■ YOUR TASK
Please give back word for word the lines of the material below between the line containing "Red Robot Suit" and the line containing "Mulher glamourosa segurando", inclusive.

■ DATA TO USE

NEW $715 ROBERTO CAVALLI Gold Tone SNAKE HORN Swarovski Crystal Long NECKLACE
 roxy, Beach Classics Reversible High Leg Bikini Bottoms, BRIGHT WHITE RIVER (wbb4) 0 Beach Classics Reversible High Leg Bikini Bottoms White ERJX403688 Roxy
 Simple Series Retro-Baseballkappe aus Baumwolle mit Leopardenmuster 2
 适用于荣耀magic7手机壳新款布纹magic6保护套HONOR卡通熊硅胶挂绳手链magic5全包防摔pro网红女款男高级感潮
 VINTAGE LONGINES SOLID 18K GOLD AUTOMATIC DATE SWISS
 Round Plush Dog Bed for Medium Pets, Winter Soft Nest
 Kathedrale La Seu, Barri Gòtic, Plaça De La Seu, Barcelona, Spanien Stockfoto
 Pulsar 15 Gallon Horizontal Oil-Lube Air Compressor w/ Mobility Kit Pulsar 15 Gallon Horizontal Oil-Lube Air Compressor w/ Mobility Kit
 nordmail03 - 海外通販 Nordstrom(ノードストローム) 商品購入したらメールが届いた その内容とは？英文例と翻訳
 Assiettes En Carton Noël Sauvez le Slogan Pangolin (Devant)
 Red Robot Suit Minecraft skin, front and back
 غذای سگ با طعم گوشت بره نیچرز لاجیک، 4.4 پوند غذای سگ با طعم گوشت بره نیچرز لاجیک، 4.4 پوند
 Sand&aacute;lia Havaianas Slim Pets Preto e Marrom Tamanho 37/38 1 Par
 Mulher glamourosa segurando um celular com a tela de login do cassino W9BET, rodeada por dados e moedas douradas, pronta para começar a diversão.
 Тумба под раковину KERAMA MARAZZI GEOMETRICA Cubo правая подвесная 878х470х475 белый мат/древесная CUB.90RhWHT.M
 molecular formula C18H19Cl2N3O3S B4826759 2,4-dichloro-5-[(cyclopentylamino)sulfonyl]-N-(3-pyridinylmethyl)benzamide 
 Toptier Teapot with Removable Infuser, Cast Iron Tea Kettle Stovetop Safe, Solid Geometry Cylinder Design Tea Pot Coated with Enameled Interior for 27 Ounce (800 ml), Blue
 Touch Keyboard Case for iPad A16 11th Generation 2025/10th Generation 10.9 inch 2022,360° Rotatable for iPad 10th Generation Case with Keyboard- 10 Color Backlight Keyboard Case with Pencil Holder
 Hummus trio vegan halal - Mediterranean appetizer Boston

■ EXERCISE RESPONSE
 Red Robot Suit Minecraft skin, front and back
 غذای سگ با طعم گوشت بره نیچرز لاجیک، 4.4 پوند غذای سگ با طعم گوشت بره نیچرز لاجیک، 4.4 پوند
 Sand&aacute;lia Havaianas Slim Pets Preto e Marrom Tamanho 37/38 1 Par
 Mulher glamourosa segurando um celular com a tela de login do cassino W9BET, rodeada por dados e moedas douradas, pronta para começar a diversão.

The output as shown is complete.